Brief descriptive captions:
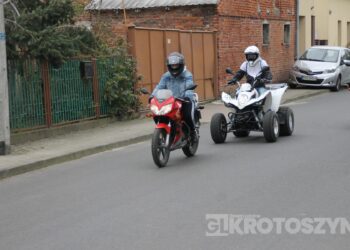 XII Otwarcie Sezonu Motocyklowego w Lutogniewie
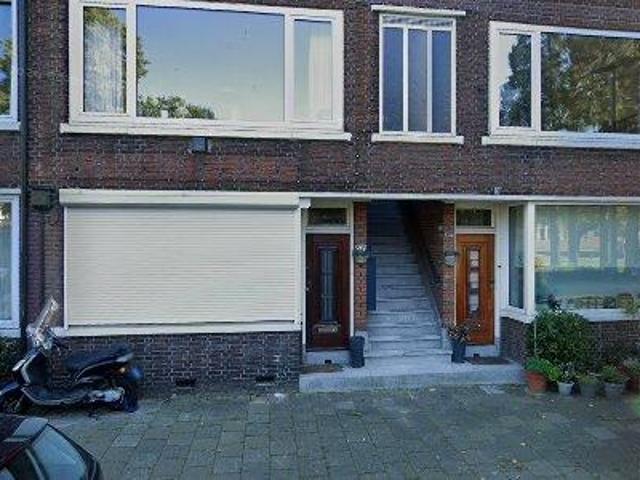 104 m2 apartment for rent in Rotterdam Delfshaven
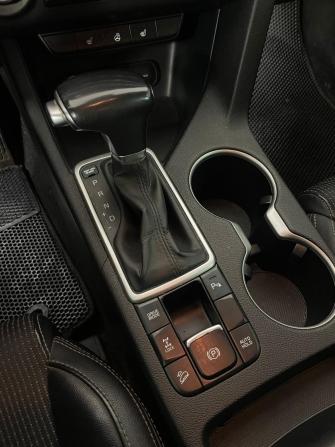 Kia Sportage IV с пробегом 2016 года, цена 1 864 000 рублей, 134470 км, внедорожник, Автокод Объявления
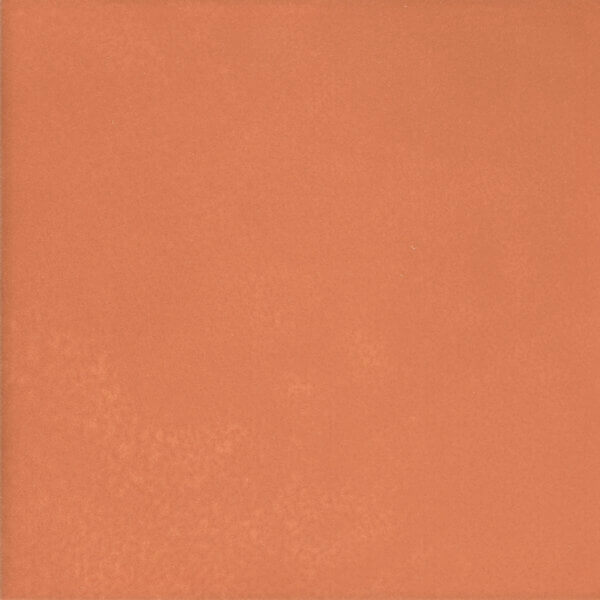 Плитка Витраж оранжевый 15х15, 17066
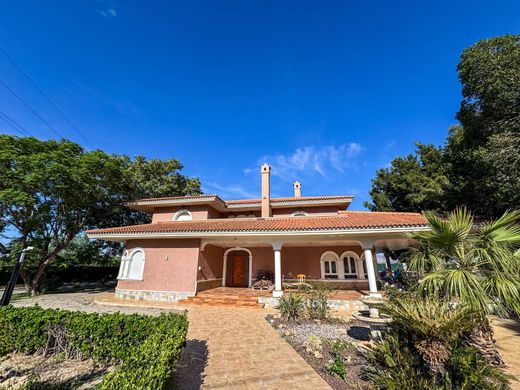 Müstakil ev Callosa de Segura, Provincia de Alicante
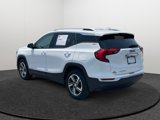 Used 2020 GMC Terrain SLT w/ Preferred Package image 4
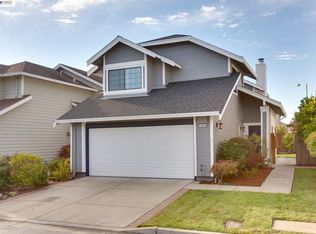 1245 Clarke Ln, Alameda, CA 94502
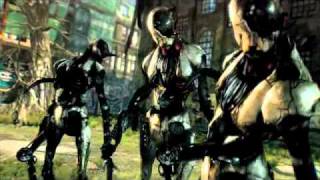 DmC  Devil May Cry  teaser trailer 2010 [upl. by Joan401]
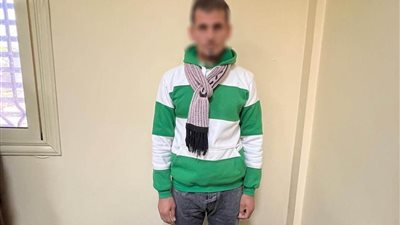 النيابة تحقق مع شخص ضبط بحوزته كروت دعائية انتخابية بأبو حمص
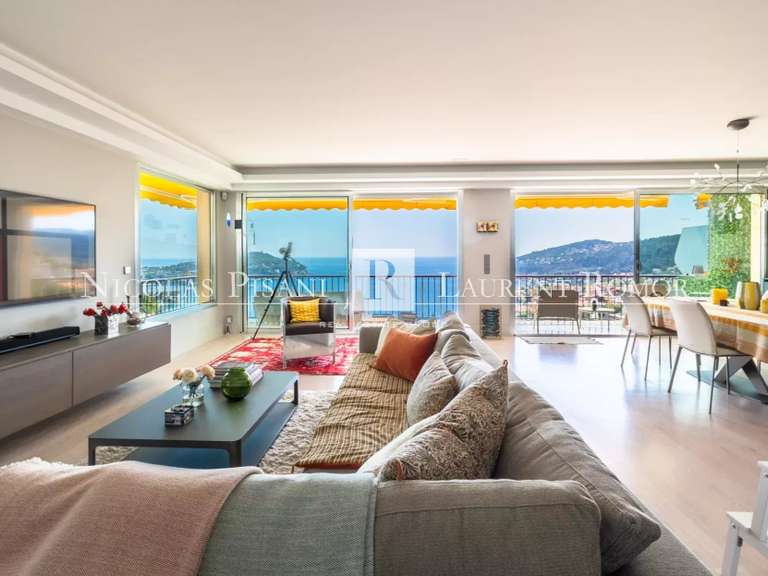 Appartement Villefranche-sur-Mer - 2 chambres - 95m²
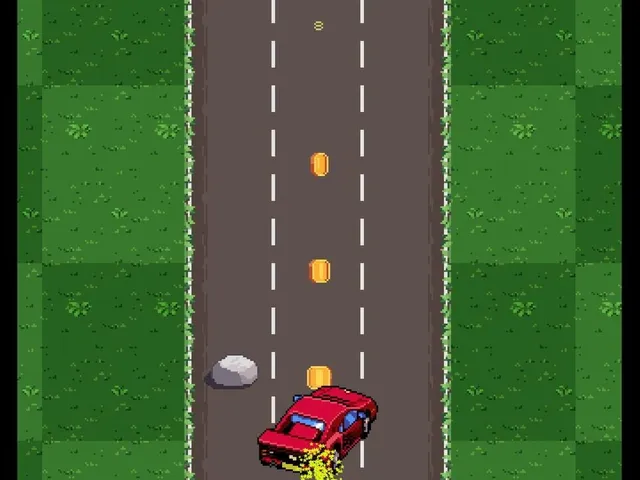 Tiny Speedster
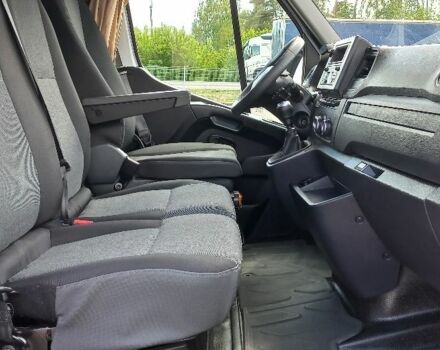 Рено Другая, объемом двигателя 4.25 л и пробегом 0 тыс. км за 20400 $, фото 22 на Automoto.ua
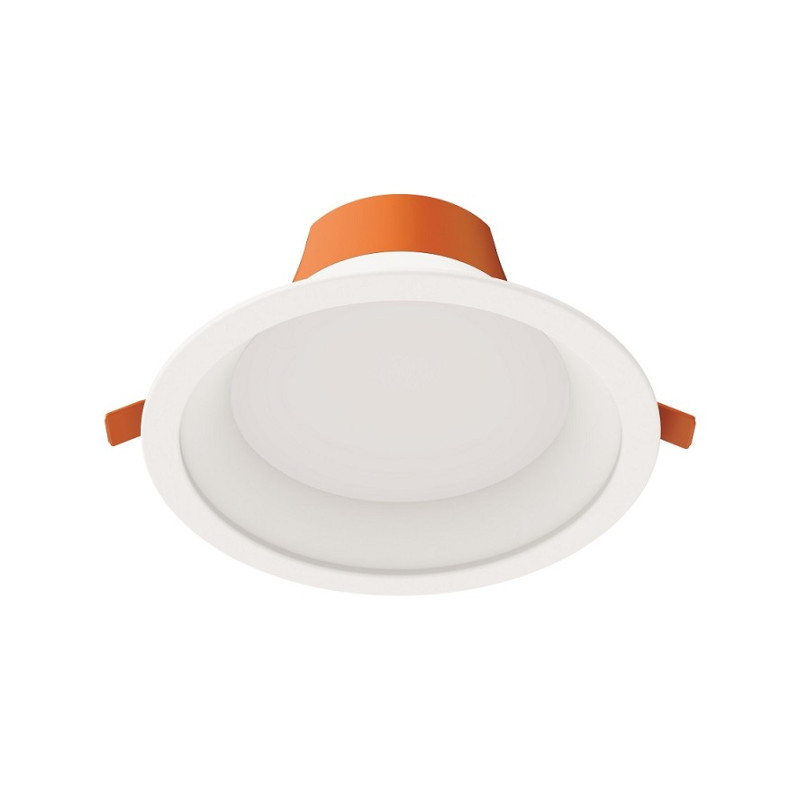 Osram dowlight Punctoled 13W, 1100lm, 4000K, fi 150mm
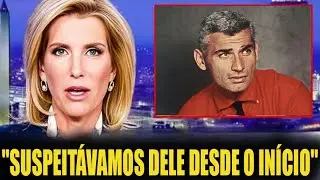 O mist&eacute;rio de Jeff Chandler finalmente foi resolvido e n&atilde;o &eacute; bom
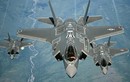 Australia nhận thêm tiêm kích F-35, châu Á - Thái Bình Dương dậy sóng!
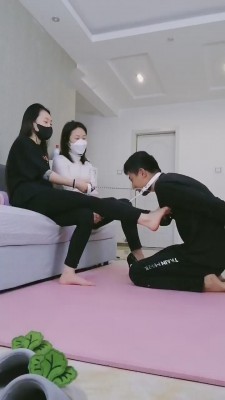 【傲柔】双S强制虐不做家务的狗 bf11818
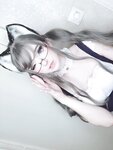 [Cosplay] Candy Ball Maid Swimsuit [65P19V-401MB]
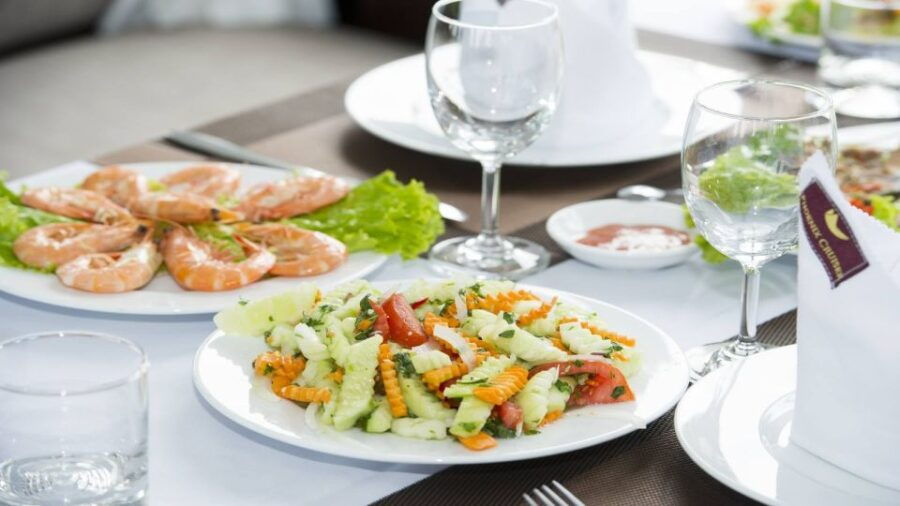 1 Day Ha Noi - Cat Ba Island - Lan Ha Bay - Ha Long Bay - Good To Know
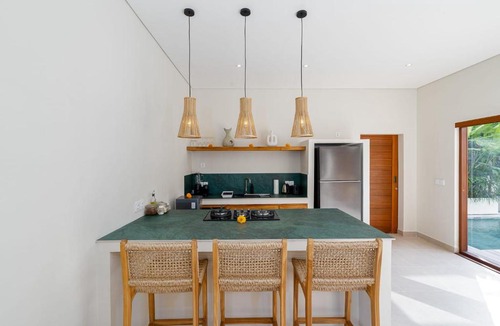 Beraban Villa | Villa Laurenda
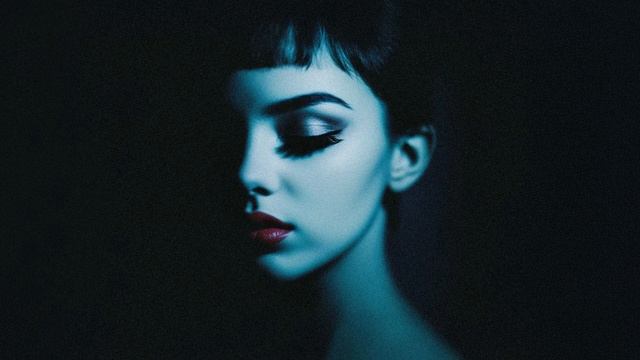 Saltwaters - Ambient Music For Forgiveness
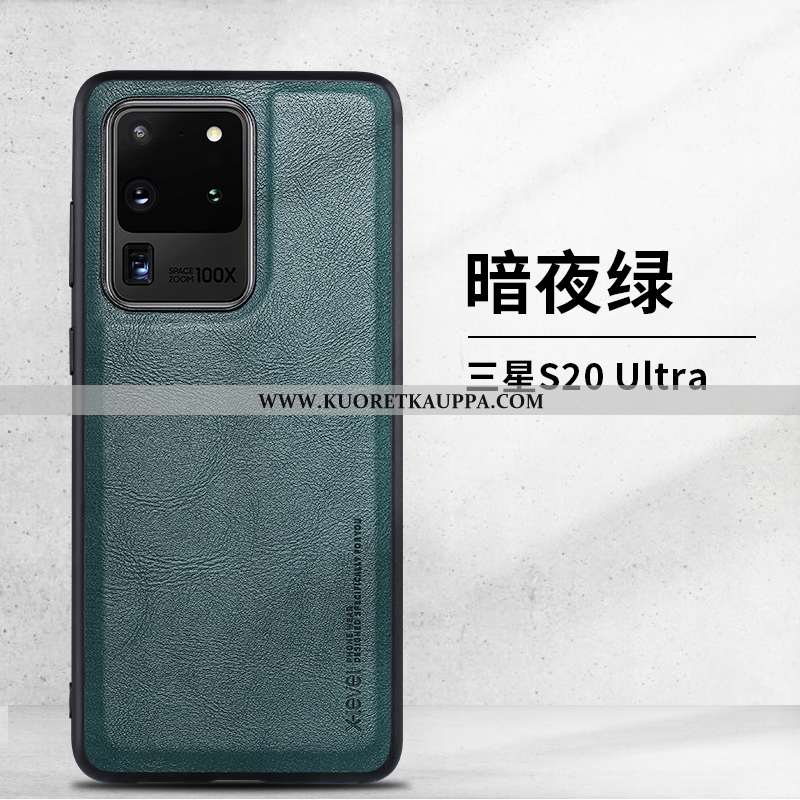 Kuori Samsung Galaxy S20 Ultra, Kuoret Samsung Galaxy S20 Ultra, Kotelo Samsung Galaxy S20 Ultra Nah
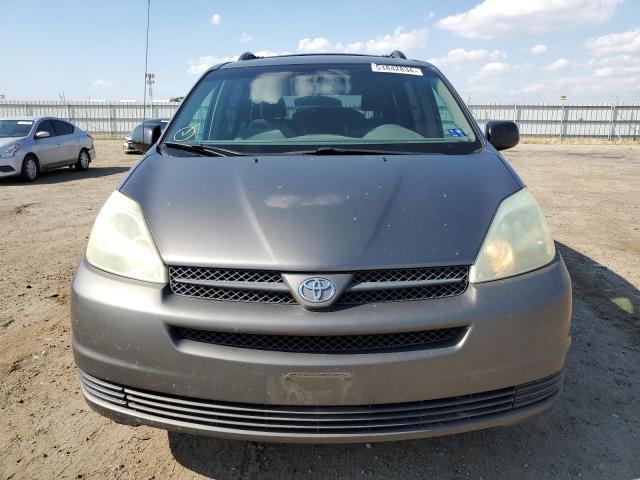 Photo 4 VIN: 5TDZA23C04S090307 - TOYOTA SIENNA CE 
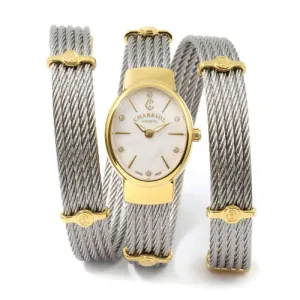 TWIST WATCH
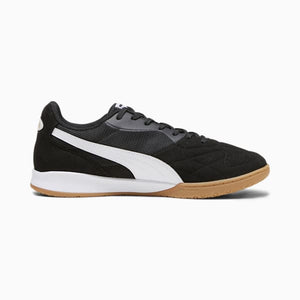 Puma King Top Indoor Soccer Shoes 107349 01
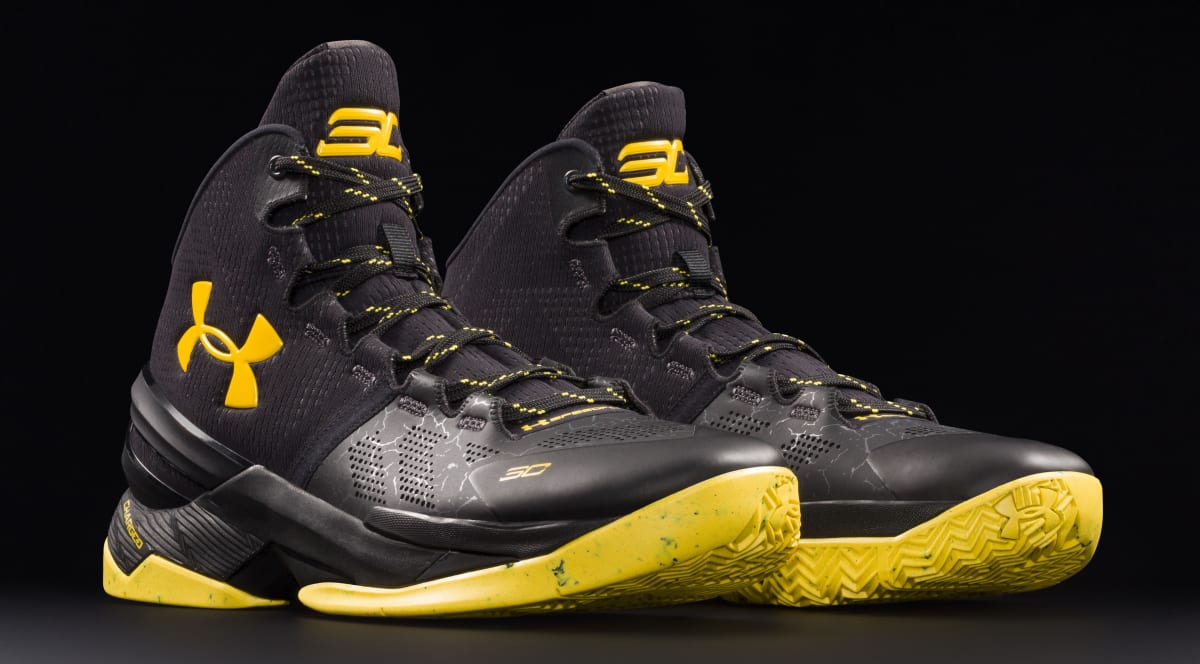 steph curry 2s shoes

- [Action item]:
Give back exactly, and only, the lines from the one holding "Puma King Top Indoor Soccer Shoes 107349 01" through the last line of the entries, with every picture omitted.

- [Response to this exercise]:
 Puma King Top Indoor Soccer Shoes 107349 01
 steph curry 2s shoes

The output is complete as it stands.